» WHAT TO WORK ON
Exact wording is required: give all the records again, minus the pictures.

____ DATA SHOWN

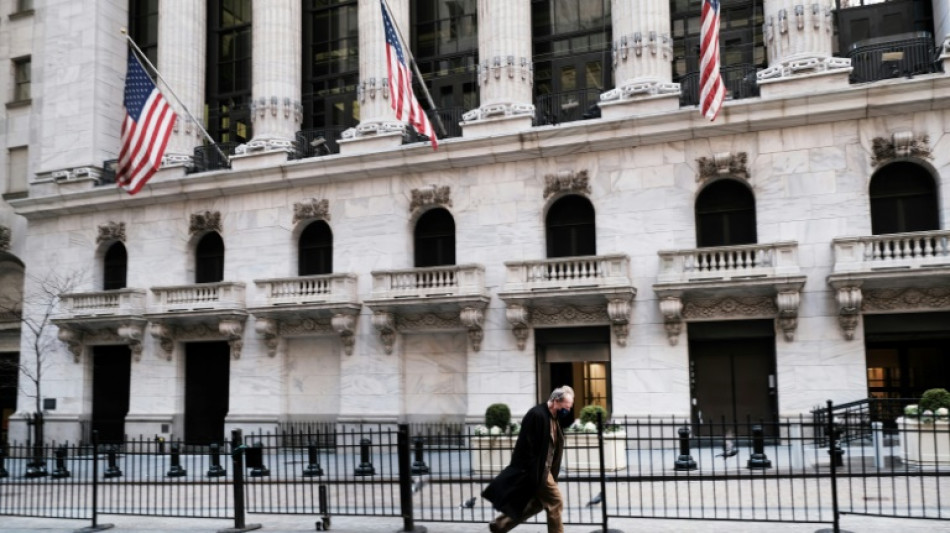 Wall Street termine la semaine en berne, plomb&eacute;e par la guerre en Ukraine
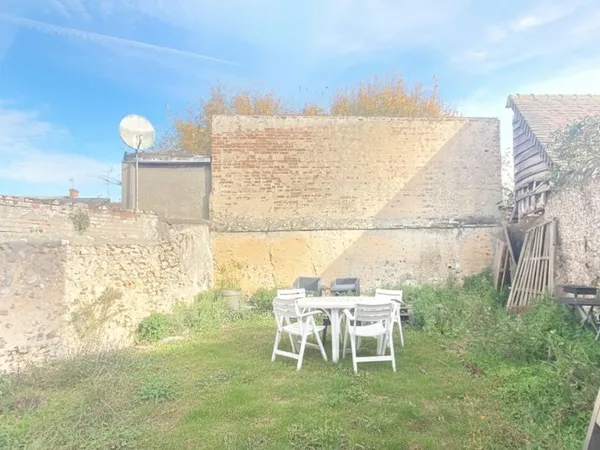Local 65 m² Châteauneuf-en-Thymerais 
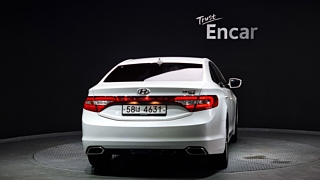 HYUNDAI GRANDEUR HG 2016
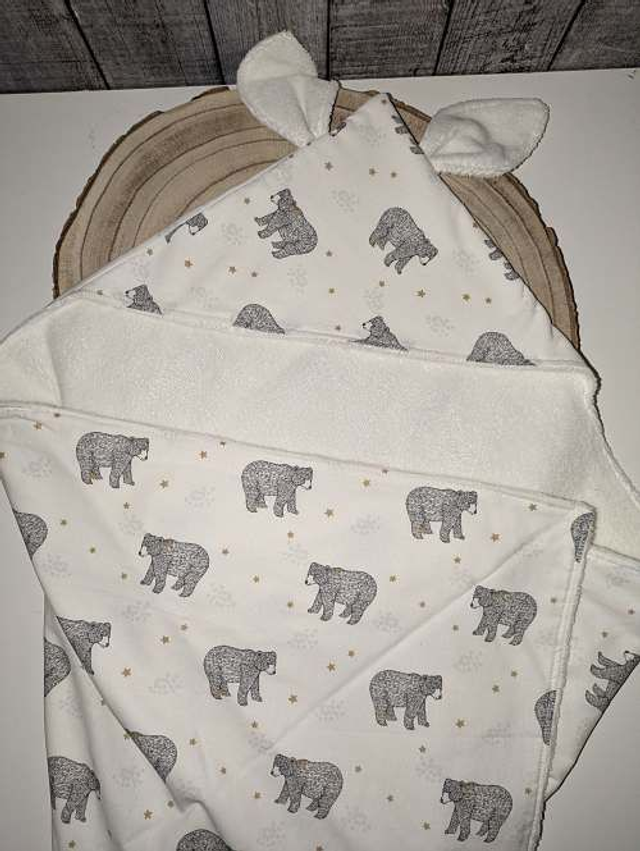 Cape de bain bébé doublée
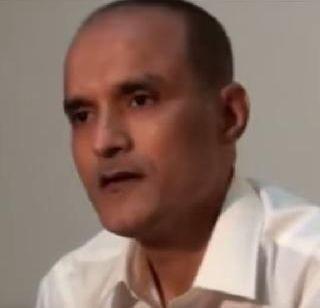 Mother petition for prevention of death of Kulbhushan Jadhav | कुलभूषण जाधवांची फाशी रोखण्यासाठी आईची याचिका Mother petition for prevention of death of Kulbhushan Jadhav | कुलभूषण जाधवांची फाशी रोखण्यासाठी आईची याचिका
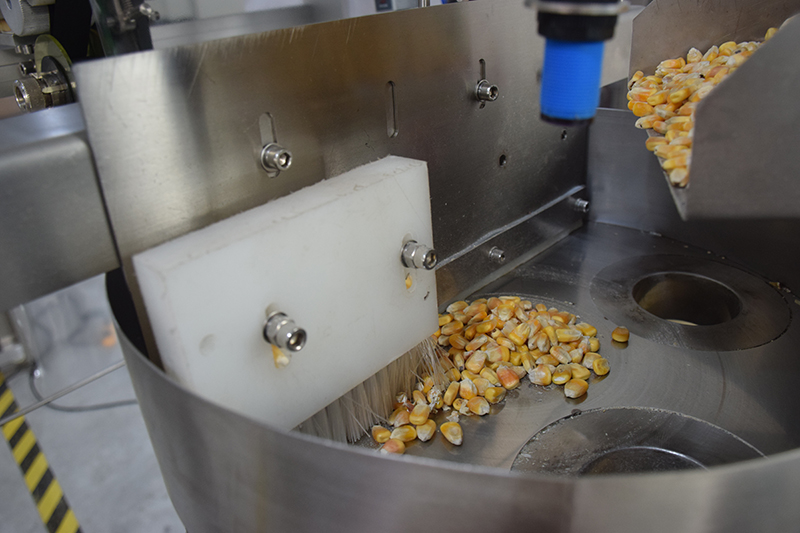 nut packing machine
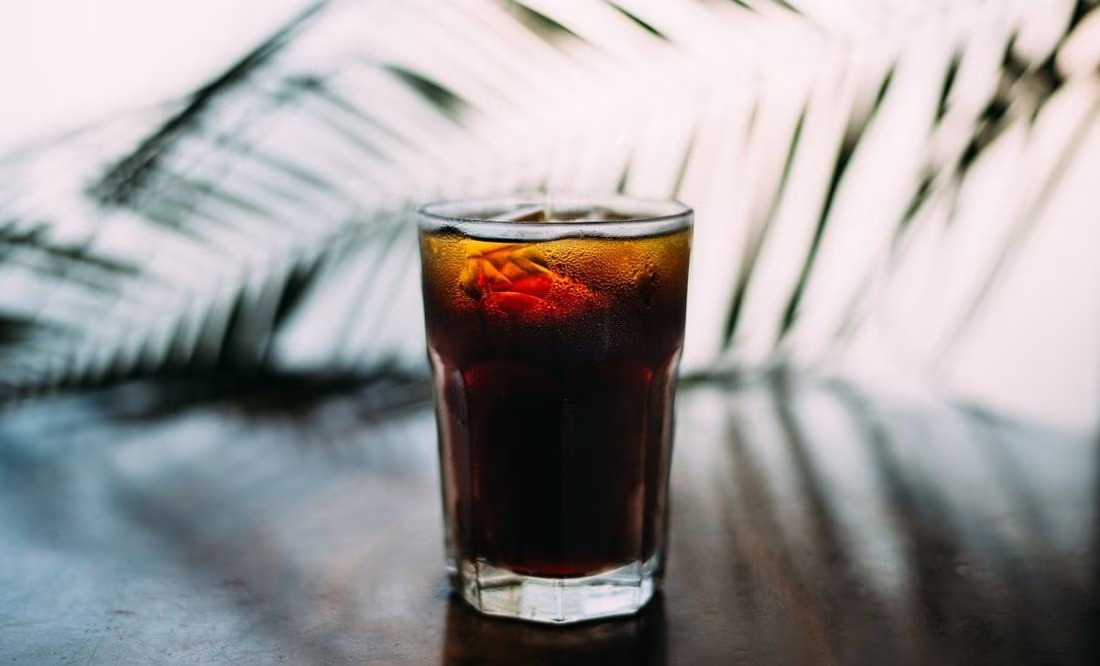 Estos son 4 tipos de bebidas que suben tu colesterol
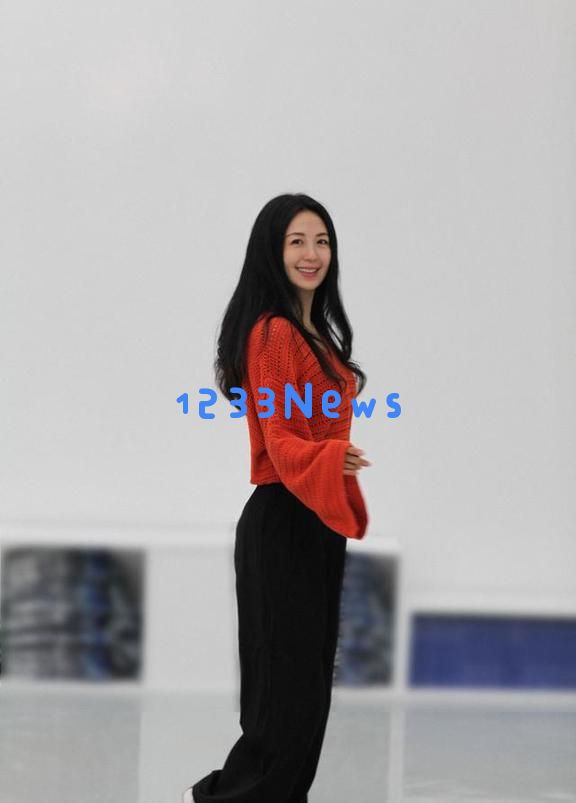 杨童舒现状:虽已50岁依然容颜焕发,执教大学且儿子帅气与她神似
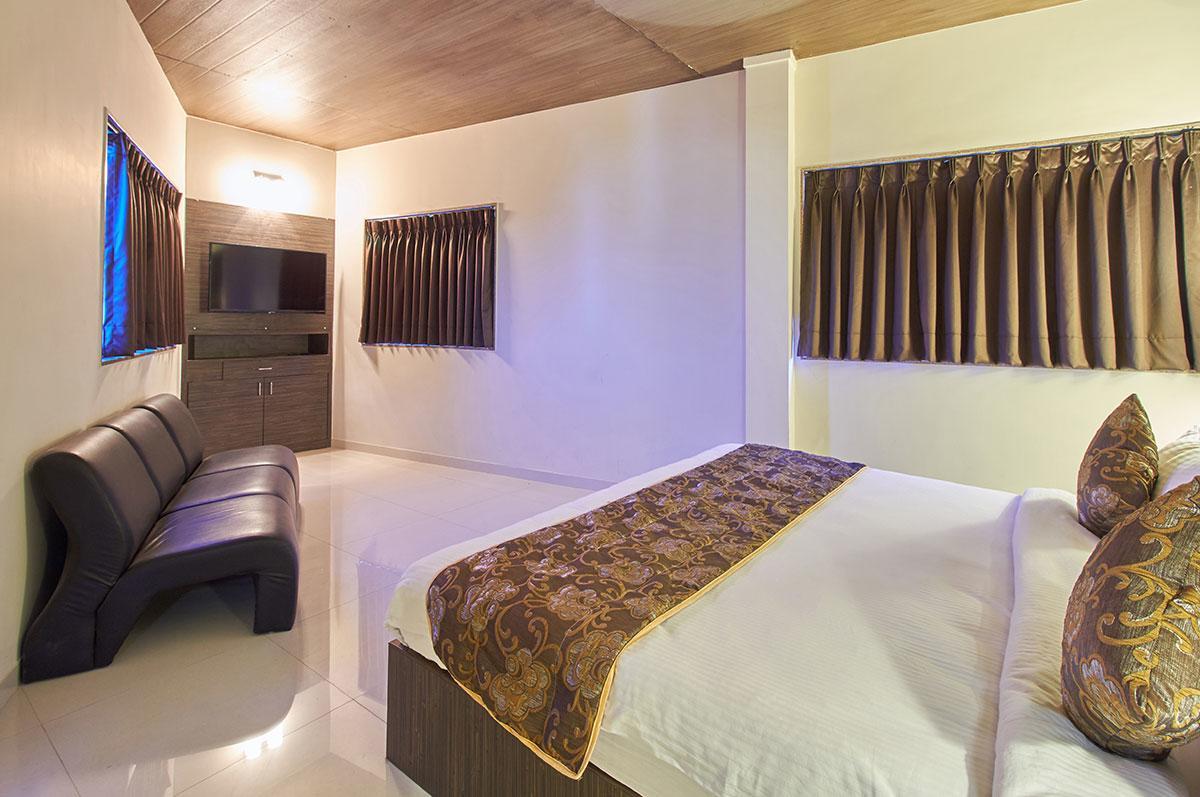 Hotel Gormoh 아흐메다바드 외부 사진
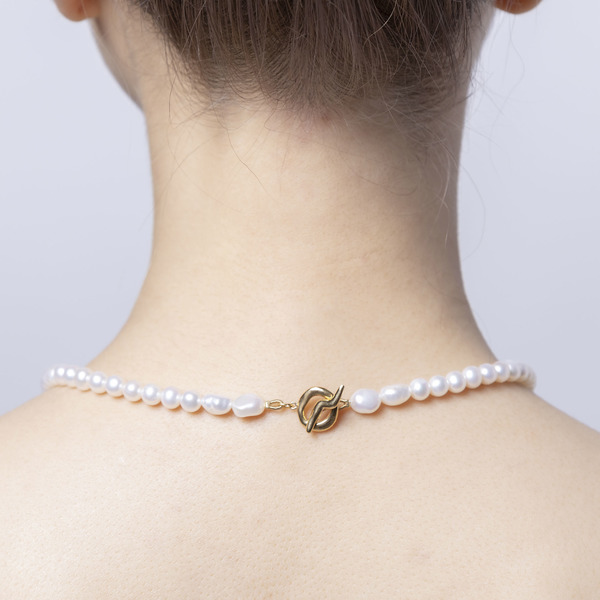 Pearl on pearl necklace 詳細画像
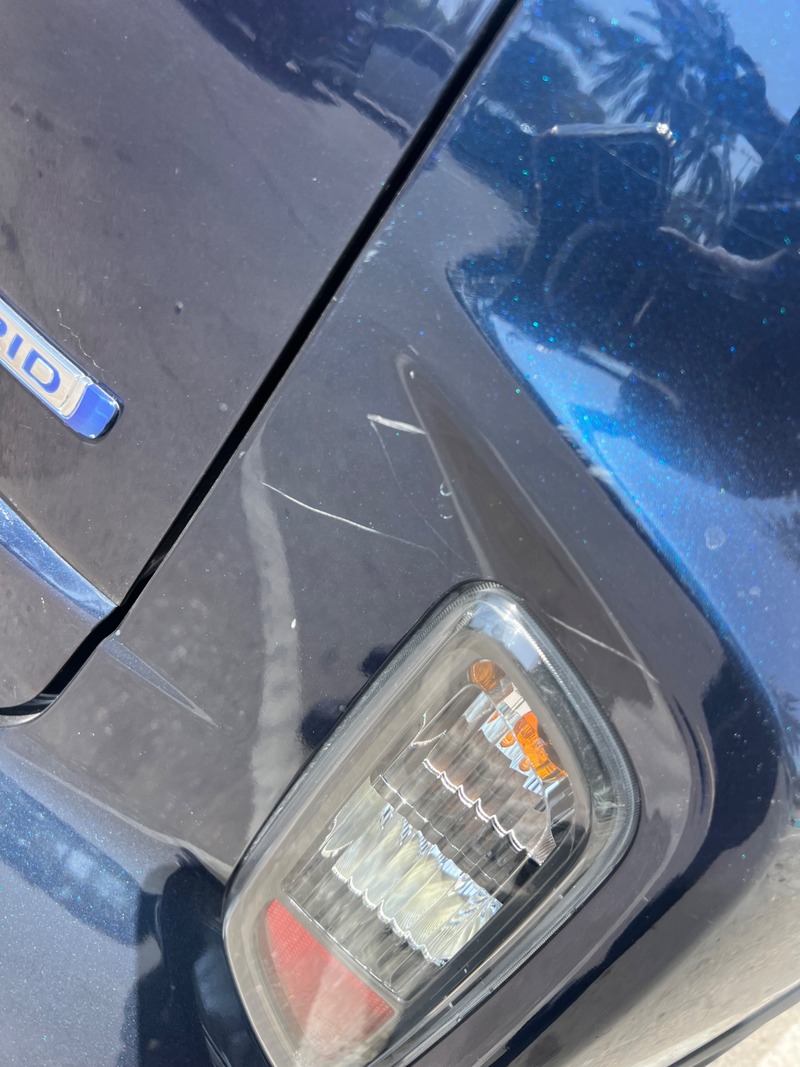 Used 2023 Suzuki Grand Vitara for sale in Abu Dhabi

________

» RESPONSE TO THIS TASK
 Wall Street termine la semaine en berne, plomb&eacute;e par la guerre en Ukraine
Local 65 m² Châteauneuf-en-Thymerais 
 HYUNDAI GRANDEUR HG 2016
 Cape de bain bébé doublée
 Mother petition for prevention of death of Kulbhushan Jadhav | कुलभूषण जाधवांची फाशी रोखण्यासाठी आईची याचिका Mother petition for prevention of death of Kulbhushan Jadhav | कुलभूषण जाधवांची फाशी रोखण्यासाठी आईची याचिका
 nut packing machine
 Estos son 4 tipos de bebidas que suben tu colesterol
 杨童舒现状:虽已50岁依然容颜焕发,执教大学且儿子帅气与她神似
 Hotel Gormoh 아흐메다바드 외부 사진
 Pearl on pearl necklace 詳細画像
 Used 2023 Suzuki Grand Vitara for sale in Abu Dhabi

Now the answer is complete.